Building upon the Region’s foundation, our mission is to inspire community members in Kitchener Waterloo to create thriving urban ecosystems and habitats for pollinators by engaging them through visually appealing maps showing possible areas for pollinator gardens. We aim this app to be used by individual residents, teachers, community leaders in charge of the Region’s Bee initiatives or in charge of neighborhood associations. Everyone and anyone wanting to contribute and improve the urban ecology of Kitchener-Waterloo for our pollinator friends.

Video Presentation


Team Members

Emily Van Loon: Hello! I am Emily, a 4B Planning Student at the University of Waterloo specializing in Urban Land Development and GIS. I am passionate about smart city concepts and climate justice, hoping to one day catalyze urban change through GIS technologies. I'm excited to apply my passions for spatial data analysis and urban ecology to this year's challenge! Some of my past notable projects include managing a JavaScript-based spatial data platform and calibrating hydraulic water distribution models. When I'm not creating fantastic GIS applications, I love to read, paint, take care of my plants and spend tons of time outdoors.
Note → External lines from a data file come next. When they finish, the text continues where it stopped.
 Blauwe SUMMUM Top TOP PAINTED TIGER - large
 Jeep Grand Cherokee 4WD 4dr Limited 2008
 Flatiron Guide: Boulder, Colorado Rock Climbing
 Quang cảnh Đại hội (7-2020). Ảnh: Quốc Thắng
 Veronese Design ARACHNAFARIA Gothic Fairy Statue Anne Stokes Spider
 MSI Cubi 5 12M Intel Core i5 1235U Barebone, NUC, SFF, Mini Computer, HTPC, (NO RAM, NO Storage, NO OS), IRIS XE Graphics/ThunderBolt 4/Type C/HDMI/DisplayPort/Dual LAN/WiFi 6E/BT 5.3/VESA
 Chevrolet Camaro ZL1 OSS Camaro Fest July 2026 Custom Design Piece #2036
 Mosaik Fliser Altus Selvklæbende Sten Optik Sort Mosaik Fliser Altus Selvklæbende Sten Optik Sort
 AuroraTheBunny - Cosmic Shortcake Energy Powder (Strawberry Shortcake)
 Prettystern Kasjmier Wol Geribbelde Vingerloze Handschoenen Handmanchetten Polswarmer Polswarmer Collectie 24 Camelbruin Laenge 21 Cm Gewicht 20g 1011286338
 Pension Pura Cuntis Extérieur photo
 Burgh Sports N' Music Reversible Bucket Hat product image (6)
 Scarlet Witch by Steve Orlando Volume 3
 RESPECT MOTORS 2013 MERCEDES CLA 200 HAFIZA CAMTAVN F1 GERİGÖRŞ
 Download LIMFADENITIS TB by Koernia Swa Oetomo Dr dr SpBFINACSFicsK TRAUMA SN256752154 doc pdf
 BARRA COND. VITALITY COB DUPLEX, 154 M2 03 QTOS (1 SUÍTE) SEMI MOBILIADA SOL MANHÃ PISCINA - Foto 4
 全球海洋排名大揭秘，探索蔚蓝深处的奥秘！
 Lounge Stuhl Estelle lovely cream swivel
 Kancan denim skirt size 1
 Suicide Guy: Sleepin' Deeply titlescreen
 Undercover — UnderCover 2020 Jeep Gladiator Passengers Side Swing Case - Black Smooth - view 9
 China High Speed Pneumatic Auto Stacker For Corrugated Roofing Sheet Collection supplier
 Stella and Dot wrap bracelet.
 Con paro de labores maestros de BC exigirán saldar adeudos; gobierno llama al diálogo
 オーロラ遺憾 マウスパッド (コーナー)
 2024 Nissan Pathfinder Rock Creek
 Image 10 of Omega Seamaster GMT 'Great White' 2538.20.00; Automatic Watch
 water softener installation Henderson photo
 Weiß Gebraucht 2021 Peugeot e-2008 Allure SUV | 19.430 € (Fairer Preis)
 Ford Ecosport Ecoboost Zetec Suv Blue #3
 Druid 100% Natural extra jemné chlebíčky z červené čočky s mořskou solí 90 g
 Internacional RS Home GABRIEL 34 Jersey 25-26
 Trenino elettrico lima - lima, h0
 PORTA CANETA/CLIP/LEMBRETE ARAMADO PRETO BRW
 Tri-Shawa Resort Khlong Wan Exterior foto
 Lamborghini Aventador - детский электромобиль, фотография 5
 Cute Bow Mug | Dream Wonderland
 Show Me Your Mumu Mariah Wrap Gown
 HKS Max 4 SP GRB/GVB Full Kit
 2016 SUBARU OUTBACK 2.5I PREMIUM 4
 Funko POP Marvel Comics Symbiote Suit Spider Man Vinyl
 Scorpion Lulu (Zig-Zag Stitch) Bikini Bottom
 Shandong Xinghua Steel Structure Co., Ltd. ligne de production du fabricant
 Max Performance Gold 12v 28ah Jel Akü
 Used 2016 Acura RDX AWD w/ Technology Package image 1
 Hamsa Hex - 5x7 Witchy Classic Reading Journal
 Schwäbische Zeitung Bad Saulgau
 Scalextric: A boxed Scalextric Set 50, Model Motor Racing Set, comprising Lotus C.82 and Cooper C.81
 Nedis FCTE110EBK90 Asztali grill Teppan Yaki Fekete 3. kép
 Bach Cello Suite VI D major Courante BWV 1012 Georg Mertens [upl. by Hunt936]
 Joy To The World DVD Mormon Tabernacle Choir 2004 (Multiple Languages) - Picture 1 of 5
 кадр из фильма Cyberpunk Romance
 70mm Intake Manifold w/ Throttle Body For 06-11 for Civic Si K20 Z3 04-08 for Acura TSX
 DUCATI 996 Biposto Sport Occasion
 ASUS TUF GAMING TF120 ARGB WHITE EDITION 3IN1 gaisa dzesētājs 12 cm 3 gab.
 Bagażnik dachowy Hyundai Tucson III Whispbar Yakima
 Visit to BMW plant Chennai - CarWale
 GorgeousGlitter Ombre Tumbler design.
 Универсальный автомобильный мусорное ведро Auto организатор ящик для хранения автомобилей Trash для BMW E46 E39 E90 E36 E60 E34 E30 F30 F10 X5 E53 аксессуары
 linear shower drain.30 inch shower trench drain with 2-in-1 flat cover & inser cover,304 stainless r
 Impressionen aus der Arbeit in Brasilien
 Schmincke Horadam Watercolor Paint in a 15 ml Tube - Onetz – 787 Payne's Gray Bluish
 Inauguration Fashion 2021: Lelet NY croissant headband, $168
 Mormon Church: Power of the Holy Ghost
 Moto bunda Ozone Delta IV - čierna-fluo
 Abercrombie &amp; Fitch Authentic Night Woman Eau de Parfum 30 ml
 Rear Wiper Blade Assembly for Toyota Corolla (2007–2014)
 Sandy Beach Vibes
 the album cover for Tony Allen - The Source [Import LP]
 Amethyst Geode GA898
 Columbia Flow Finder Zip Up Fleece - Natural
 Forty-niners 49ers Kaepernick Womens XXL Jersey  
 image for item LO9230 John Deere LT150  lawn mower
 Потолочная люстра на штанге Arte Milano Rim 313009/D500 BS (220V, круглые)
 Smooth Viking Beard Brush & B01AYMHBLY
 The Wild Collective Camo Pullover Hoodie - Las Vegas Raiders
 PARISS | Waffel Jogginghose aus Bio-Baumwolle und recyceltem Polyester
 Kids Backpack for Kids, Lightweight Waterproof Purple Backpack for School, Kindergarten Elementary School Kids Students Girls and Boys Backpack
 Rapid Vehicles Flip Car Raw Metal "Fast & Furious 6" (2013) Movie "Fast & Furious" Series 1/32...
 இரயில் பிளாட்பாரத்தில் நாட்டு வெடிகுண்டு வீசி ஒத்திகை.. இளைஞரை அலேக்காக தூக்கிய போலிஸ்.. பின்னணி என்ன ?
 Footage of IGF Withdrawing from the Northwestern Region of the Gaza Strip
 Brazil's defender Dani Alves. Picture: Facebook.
Harane Jegatheswaran: Hello, I am Harane! I am a fourth year undergraduate student at the University of Waterloo majoring in Urban Planning and specializing in GIS. My goals in my career involve using my skills to create solutions for aspects of the climate crisis as well plan more sustainable and walkable cities. Some of my projects include developing a robust Carbon Sequestration model as well as design an app to map the spread of wildfire for my previous employer, Korotu Technology Inc. In my free time I enjoy thrifting, reading and trying not to kill my plants.

Ana-Paula Diaz Garduno: Hello, My name is Ana! I am a fourth-year undergraduate student at the University of Waterloo majoring in Geomatics with a minor in Computer Science. Geography has always interested me as a child because of the connections between places. Now, that interest has grown to knowledge and skills to be able to analyze and uncover the connections between spatial data. I developed new editable features on a Mapbox based web application and I have automated data processing scripts for a transportation model. I do recurve archery and I like to read. I currently finished Dune by Frank Herbert.